Burt is dead.
For those of you who don’t know who Burt is – he was a cat. I’m tempted to say my cat but he never was mine. He lived with me but we were not owner and pet and we were certainly not friends.
If you never met Burt, let me tell you bit about him. First of all, he was the biggest funking cat you have ever seen. When he jumped on your lap he would frequently knock some wind out of you. People often commented that they had seen smaller dogs. He was also spectacularly handsome with the purr so loud it could drown out the sound of the television (as could his snore.) He was a striking creature that drew in admirers with his looks and seemingly docile countenance. Then he would strike.
I’m tempted to describe Burt as vicious but that would be untrue. He certainly, in his younger years, was the bane of every small mammal, bird and cat in the neighbourhood. Several times I awoke to find him feeding on a couple of pidgins in the kitchen. I once came down in the morning to find the kitchen floor completely (and I mean completely) covered with back feathers from the half a dozen blackbirds he had plucked before devouring. But I wouldn’t call that behaviour vicious – that was just a big cat being a big cat.
Several of my friends and neighbours who left my house with bleeding extremities would certainly label Burt as being vicious. Burt would saunter up to a stranger and look for all the world to be one of those people loving cats. He would purr and rub against your leg and let you pet him – but only on his head. As soon as a foolish hand tried to rub him down his back – he would strike. Like lightning, a blur of fur and claws would leave four red streaks down the back of a wounded hand. As a matter of health and safety, the first thing all of us who lived in our house would do, was warn any new arrival to the danger that was Burt. I can’t tell you how many people who claimed that “all cats love them,” would leave bleeding and humiliated.
Later in life he began to tolerate the long pet but he would not tolerate inattention. He would grant one the privilege of letting you stroke him as long as you focused on him. If the poor pet-ie were to turn their attention to say, answering a question – they would bleed. I once offered my 13 year old son ten pounds if he would pet the sleeping Burt on his exposed belly. He declined. Even at that tender age he knew there were easier ways to make money. Like coal mining.
Still I won’t say Burt was vicious – he was more like the dumb thug that smart and vicious gagsters keep nearby to do their dirty work. Burt just didn’t realise his own strength or the sharpness of his claws.

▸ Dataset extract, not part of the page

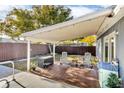 Covered wooden deck in backyard with seating, overlooking a fenced yard at 15950 Adobe Dr, Hudson, FL 34667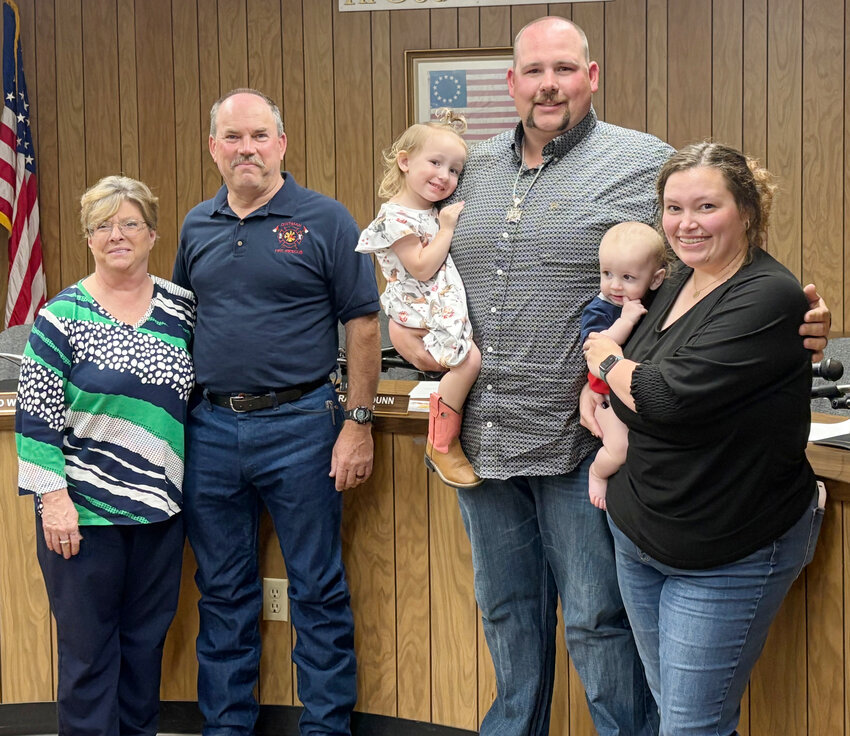 From left, Carla and Scott Wheeler and McKenna, Colton, Morgan and Nikki Otto.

You may think after reading this that Burt was unloved but you would be wrong. He had many admirers and was certainly respected in the local. But he was unconditionally loved by three. My son loved the kitten and never stopped loving the cat. And then there are the two women who have loved me the most: Caroline my late wife loved Burt despite… no maybe because, of his faults. She loved Burt with the same love that keeps a mother visiting her murderous son in jail. I wanted to bury Burt with her like the Egyptians pharaohs did but no one would let me. The other woman in the exclusive Burt fan club is my current love, my partner Nadine. She is a veterinarian. Early in our relationship I tried to get her to put Burt down after he started pissing in the living room. Instead of killing him she fixed him. As the new woman in my life she thought it was unwise to kill my son’s late mother’s favourite pet. I guess she had a point.
Burt is gone now. I no longer have to fight for my space on the sofa or jump back in terror when I hear his daily hiss. I feel like Batman after The Joker died. I’ve lost a nemesis and maybe a bit of purpose in my life. Friends often accused me of secretly loving Burt – I didn’t – but I will miss him.